In this post I will give you an introduction to Convolutional Neural Networks (CNN). We will see the reasons behind the success of this architecture and the latter will be analyzed layer by layer.
Disclaimer: These notes are for the most part a collection of concepts taken from the slides of the ‘Artificial Neural Networks and Deep Learning’ course at Polytechnic of Milan, the book ‘Deep Learning’ (Goodfellow-et-al-2016) and from some other online resources. I am simply putting together all the information to study for the exam and I thought it would be a good idea to upload them here since they can be useful for someone who is interested in this topic.
Introduction to CNN
The convolution operation
Convolution is a mathematical operation on two functions ($f$ and $g$) that produces a third function expressing how the shape of one is modified by the other. The term convolution refers to both the result function and to the process of computing it.
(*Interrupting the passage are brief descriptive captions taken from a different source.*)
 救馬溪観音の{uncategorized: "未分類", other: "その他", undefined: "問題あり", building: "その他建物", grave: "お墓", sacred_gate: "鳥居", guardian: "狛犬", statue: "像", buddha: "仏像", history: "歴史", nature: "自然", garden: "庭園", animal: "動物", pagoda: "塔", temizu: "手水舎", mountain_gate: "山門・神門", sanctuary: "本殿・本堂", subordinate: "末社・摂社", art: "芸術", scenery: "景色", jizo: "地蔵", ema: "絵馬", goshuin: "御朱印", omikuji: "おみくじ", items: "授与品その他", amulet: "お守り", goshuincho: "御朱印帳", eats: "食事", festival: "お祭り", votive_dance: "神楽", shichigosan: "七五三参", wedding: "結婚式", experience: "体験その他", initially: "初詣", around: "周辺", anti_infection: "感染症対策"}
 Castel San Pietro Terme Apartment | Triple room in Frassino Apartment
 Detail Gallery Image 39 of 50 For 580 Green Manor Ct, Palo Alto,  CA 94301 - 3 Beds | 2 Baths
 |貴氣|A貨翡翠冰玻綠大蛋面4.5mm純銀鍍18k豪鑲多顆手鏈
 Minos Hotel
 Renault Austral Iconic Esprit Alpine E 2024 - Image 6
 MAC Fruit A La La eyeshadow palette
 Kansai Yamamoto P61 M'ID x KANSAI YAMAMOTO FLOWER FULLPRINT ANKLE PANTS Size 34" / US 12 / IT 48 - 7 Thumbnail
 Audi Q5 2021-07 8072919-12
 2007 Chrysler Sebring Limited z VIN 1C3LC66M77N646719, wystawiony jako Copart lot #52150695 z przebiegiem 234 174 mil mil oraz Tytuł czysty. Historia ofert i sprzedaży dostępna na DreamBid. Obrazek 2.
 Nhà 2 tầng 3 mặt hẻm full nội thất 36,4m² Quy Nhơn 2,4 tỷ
The convolution of $f$ and $g$ is written $f∗g$ and it can be computed as follows:
$$
s(t) = (f∗g)(t) = \int_{-\infty}^\infty f(\tau) g(t-\tau) d\tau
$$
In convolutional network terminology, the first argument (in this case the function $f$) is called input and the second argument (in this case the function $g$) is called kernel. The output is usually referred to as the feature map.
Of course, since we work with computers time will be discretized, thus we can define the discrete convolution:
$$
s(t) = (f∗g)(t) = \sum_{a = -\infty}^\infty f(a) g(t-a)
$$
We often use convolutions over more than one axis at a time. For example, if we use a two-dimensional image $I$ as input, we probably also want to use a two-dimensional kernel $K$:
$$ S(i,j) = (I∗K)(i,j) = \sum_m \sum_n I(m,n)K(i-m,j-n) $$
or, since convolution is commutative:
$$ S(i,j) = (K∗I)(i,j) = \sum_m \sum_n I(i-m,j-n)K(m,n) $$
Note that what is actually implemented in many neural network libraries is the cross-correlation function, which is the same as convolution but without flipping the kernel:
$$ S(i,j) = (I∗K)(i,j) = \sum_m \sum_n I(i+m,j+n)K(m,n) $$
Image from the Deep Learning boox
Image Classification: the problem
Given an input image $I$, assign a label $l$ from a fixed set of categories.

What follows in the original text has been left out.